Y este es el comienzo del relato:

Hay quien asegura que la cara es el espejo del alma, y lo razonan porque, llegada cierta edad (que se sitúa en torno a los cuarenta) las facciones del rostro se han acomodado a lo que la persona ha querido transmitir al mundo por medio de su expresión durante décadas.

La expresión de Luisa parecía una mueca de desagrado permanente. Si una persona normal colocara sus dedos índices en la comisura de los labios y los empujara ligeramente hacia abajo, conseguiría dar forma a la boca tal y como ella la tenía cuando estaba relajada. Tenía los labios muy finos, y encorvados en forma de “U” invertida. La mirada, es difícil de describir, es como si estuviera a punto de regañarte por algo. Cuando la veías de lejos y te miraba, no podías evitar pensar que algo habías hecho mal y te lo iba a reprochar. Las cejas depiladas según la costumbre de su época hasta el punto de tener que pintársela para poder darles forma. Y los labios, de nuevo los labios, pintados por fuera de sus límites, intentando crear la falsa apariencia de unos labios carnosos que, lamentablemente, no tenía. Es como si siempre estuviera apretando la boca.
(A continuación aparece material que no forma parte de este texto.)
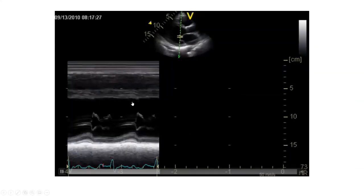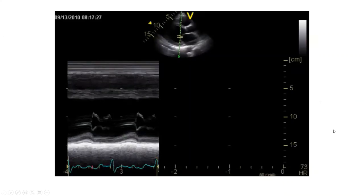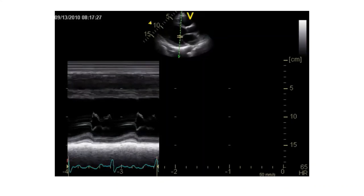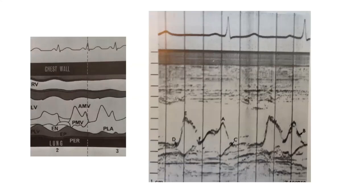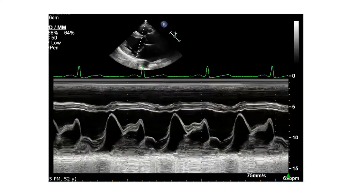Here is a patient with a widened E-point septal separation. As seen on the two-dimensional echo, overall left ventricular function is quite poor and stroke volume is low. If you are not putting much of a stroke volume past your aortic valve in systole, you will not have much mitral valve excursion in diastole. Anything greater than 6 millimeters on M-mode is indicative of an elevated E-point septal separation.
Siempre enfadada. Eso es lo que reflejaba el espejo que era su rostro. Llevaba enfadada unos cincuenta años y eso había provocado que, en lo que se suele denominar estado de relajación, cualquiera que la mirase pensara que estaba de mal humor.

Pero no era sólo la expresión, era realmente su carácter. Siempre encontraba algo por lo que echar la culpa a alguien de cualquier cosa. Todo se hacía mal, siempre tenía algún reproche que hacer a todos los que la rodeaban.
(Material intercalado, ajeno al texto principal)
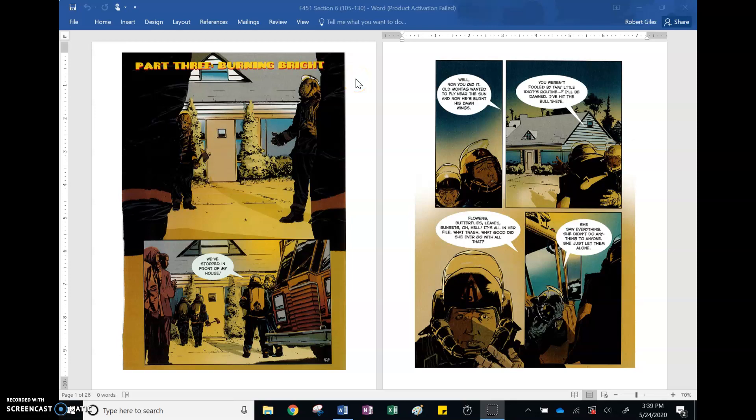Hello, we are going to talk about part three, burning bright. This is the last part of Fahrenheit 451, and this week you'll actually finish it. So I just want to set you up to finish it, make sure you know where things are to get to that finish.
Tal vez por eso, por las tardes, se sentaba sola en el banco de la residencia. Sola, rodeada por los pinos y la tranquilidad que todo lo invadía. Mostrando al mundo su cara de enfado, ejemplo del reproche que sentía hacia su familia quienes, después de darlo todo por ellos, la habían relegado a aquella residencia, donde un grupo de incompetentes hacían mal su trabajo y unos pobres ancianos vivían sus últimos días con la aparente única pretensión de hacerle insoportables los pocos momentos que coincidían en el comedor o en algún actividad social.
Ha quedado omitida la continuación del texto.